Mike Pompeo has claimed he has not listened to the audio. John Bolton gave the ludicrous excuse that he “does not speak Arabic.” And Trump, of course, doesn’t have to listen to any audio but that provided by Fox News. But Haspel has heard what Turkey’s intelligence services recorded on October 2, and on Tuesday, she’s expected to pass what she heard along to Senators.
Khashoggi, a US resident, was lured to the Saudi Arabian consulate in Istanbul on the pretense of obtaining paperwork he needed for an upcoming marriage. Once inside, he was waylaid by a team of military operatives who beat him, tortured him, stripped him naked, and began dismembering him before he died. All the while, accounts of the audio indicate, the Saudi consul stood by complaining not about the brutality of the actions, or the gross violation of international law, but about the mess the butchers were making as they snipped off Khashoggi’s fingers and killed the experiencing journalist in screaming agony.
Following the murder, Saudi Arabian officials lied repeatedly and blatantly about what happened to Khashoggi. They first claimed he had left the consulate unharmed. Then that he had slipped out a back door. Then that they simply had no idea. Finally, they indicated that Khashoggi had died “by accident” in a “fist fight” between one 59-year-old journalist and 18 special forces assassins thirty years his junior.
Every investigation so far as come to the same conclusion — Khashoggi was killed on the explicit orders of, and with full knowledge, of bin Salman.

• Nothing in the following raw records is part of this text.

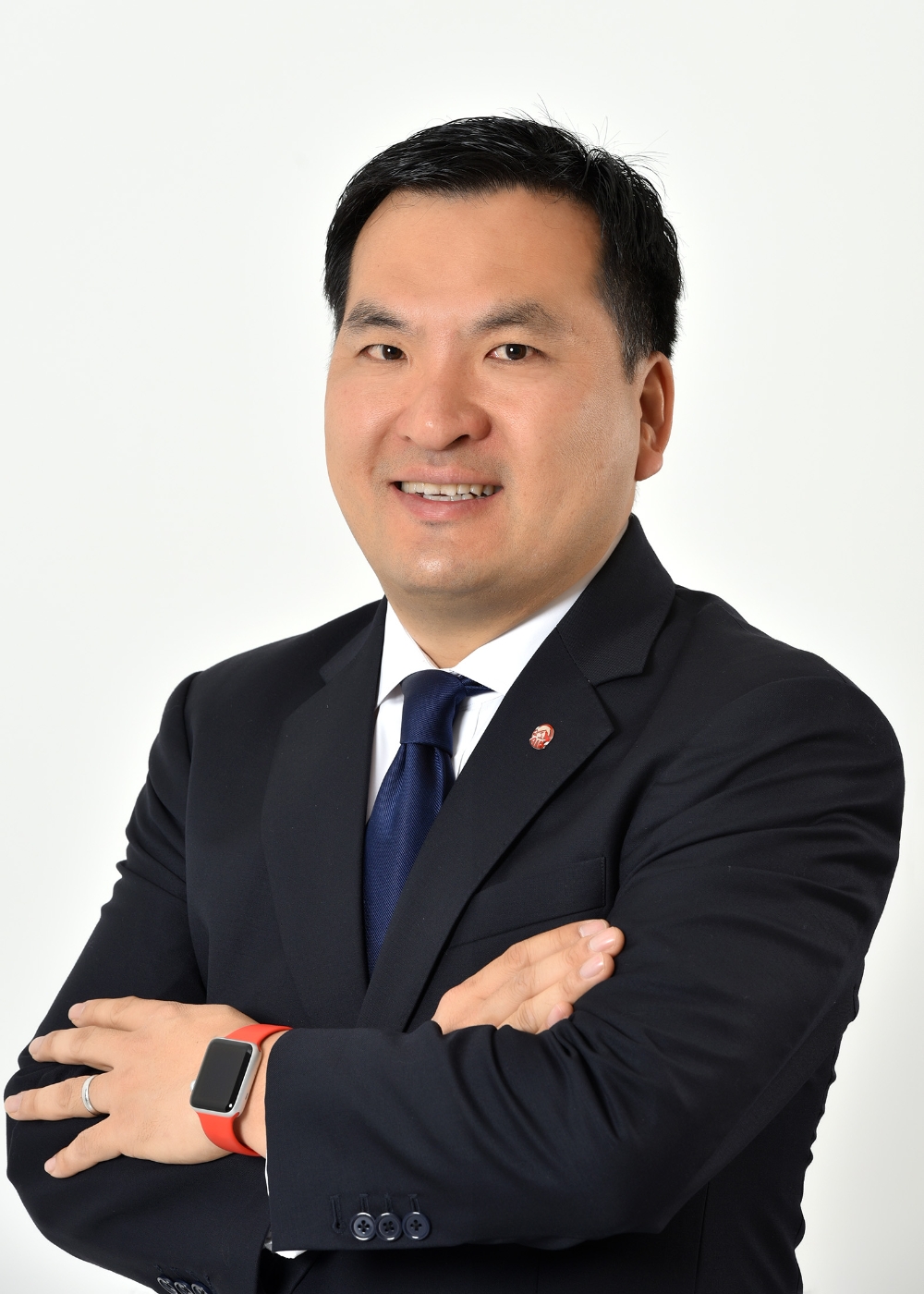 AIA생명, 피터 정 신임 CEO 선임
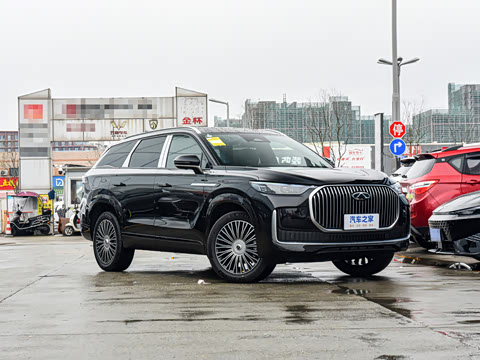 2025�� 2.0T �Զ������콢�� 7��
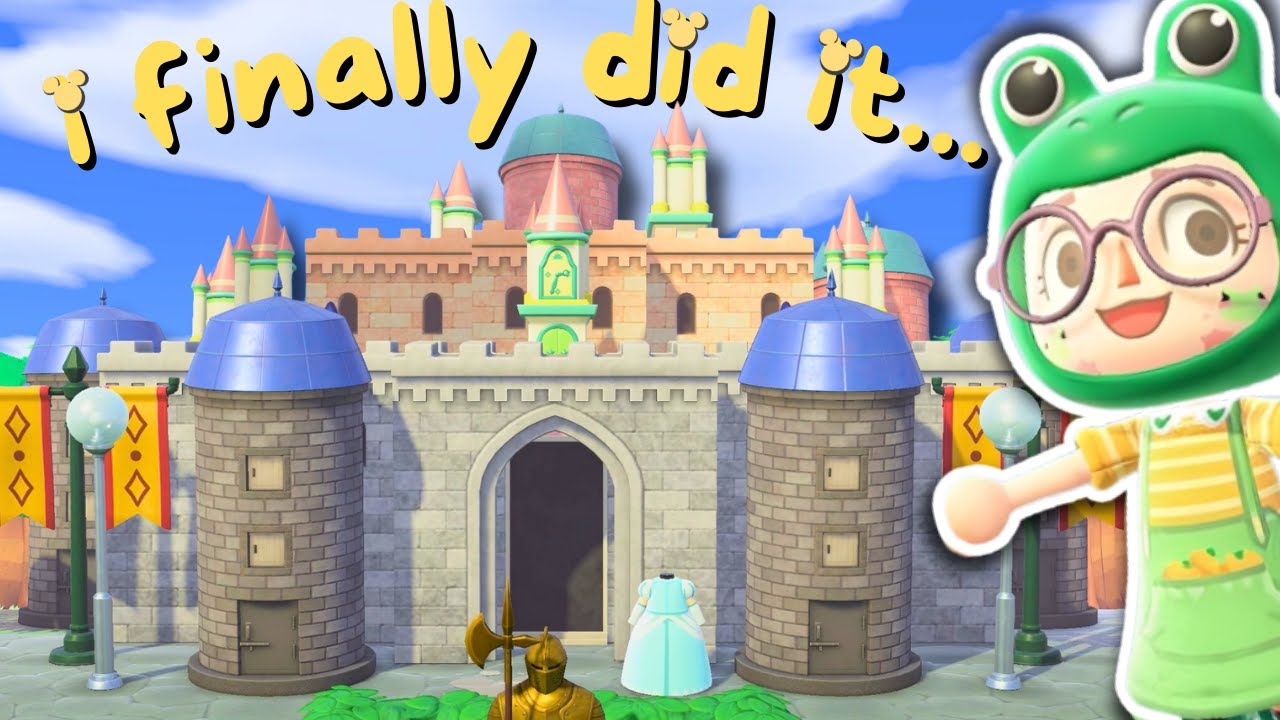 Angsty Build this build gave me anxiety - YouTube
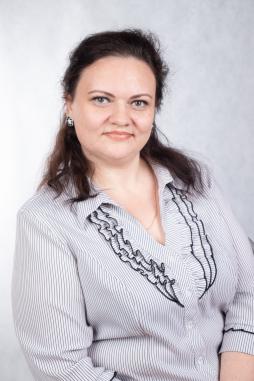 Пономаренко Татьяна Николаевна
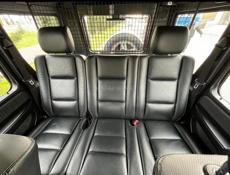 Mercedes-Benz G-Класс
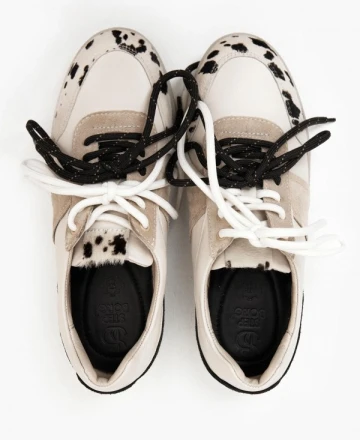 Step Borg кеды 5220-2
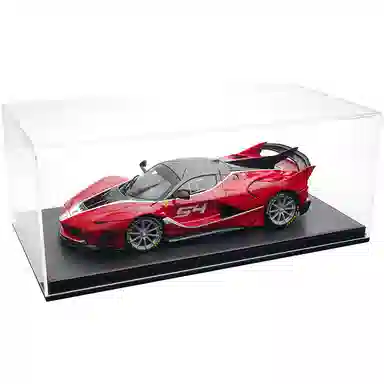 118 FXXKEvo 54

That also appears to be the conclusion of the CIA. But Trump has continued to protect bin Salman on the basis that he buys a lot of US-made weapons. In fact, Trump’s protection of the Saudi crown prince has not stopped short of saying that the man is so important, that the United States should ignore bloody and brutal murder. Forget shooting a man on Fifth Avenue. Mohammed bin Salman can take a man apart joint by bloody joint, in the middle of a diplomatic consulate, and Donald Trump will still call him friend.
As CBS reports, Senators on both sides of the aisle are less willing to grasp bin Salman’s murderous hand. Or at least, most of them are. Following Haspel’s no-show last week, they voted 63-37 to cut off military assistance to Saudi Arabia.

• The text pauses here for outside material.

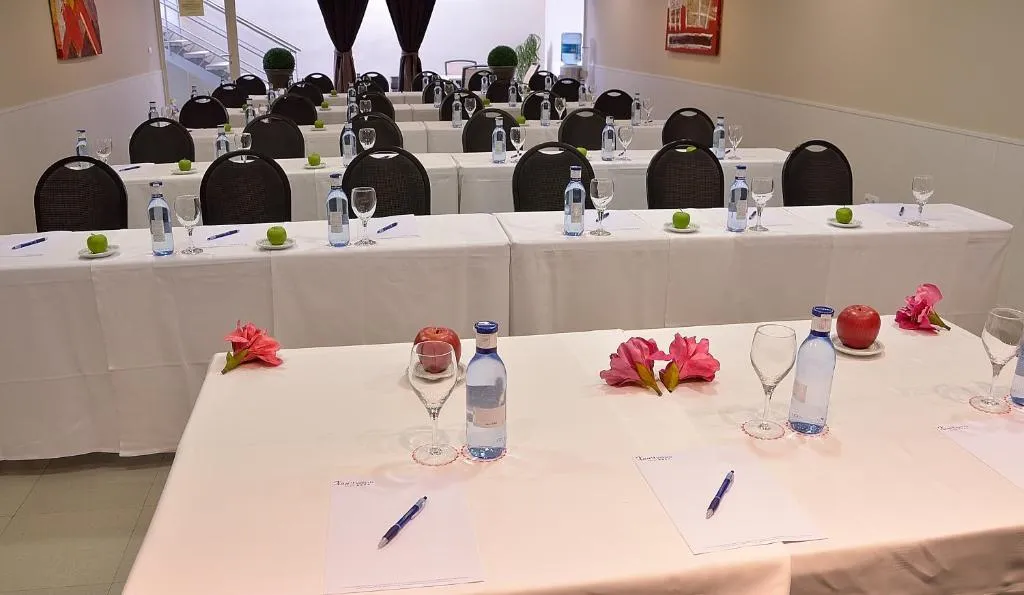 Conferences, Xon's Valencia, Valencia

Trump has repeatedly claimed that relationships with bin Salman are too important because of a “$110 billion deal” for US arms. Trump initially claimed that this sale would create 5,000 US jobs. Then he moved the number up to 40,000. Most recently, Trump has said the deal was responsible for “hundreds of thousands” of US jobs. He might as well move straight to a trillion, because Trump has provided absolutely no basis for any of these numbers.
In fact, there is massive arms deal. Trump, who announced the “deal” after he made dropping in on bin Salman his first trip outside the US, simply lumped together the total of many existing arms deals, many of them already delivered and done, and some speculative potential for future orders that have not been signed. The whole “big Saudi arms deal” is nothing but an illusion Trump created to make his first foreign trip look like a success. And he’s been defending the size and importance of that deal ever since, even if it means looking the other way on murder.
At last week’s G20 summit in Argentina, bin Salman and Vladimir Putin shared a notable laugh and a high five. The Saudi leader and Putin, himself fresh off murdering a British woman in an attempt to kill an ex-Russian spy, seemed to be gloating over how the United States no longer gives the slightest concern to human rights. As far as Donald Trump is concerned, running the country like a business, means ignoring all the people that have to die to make a profit.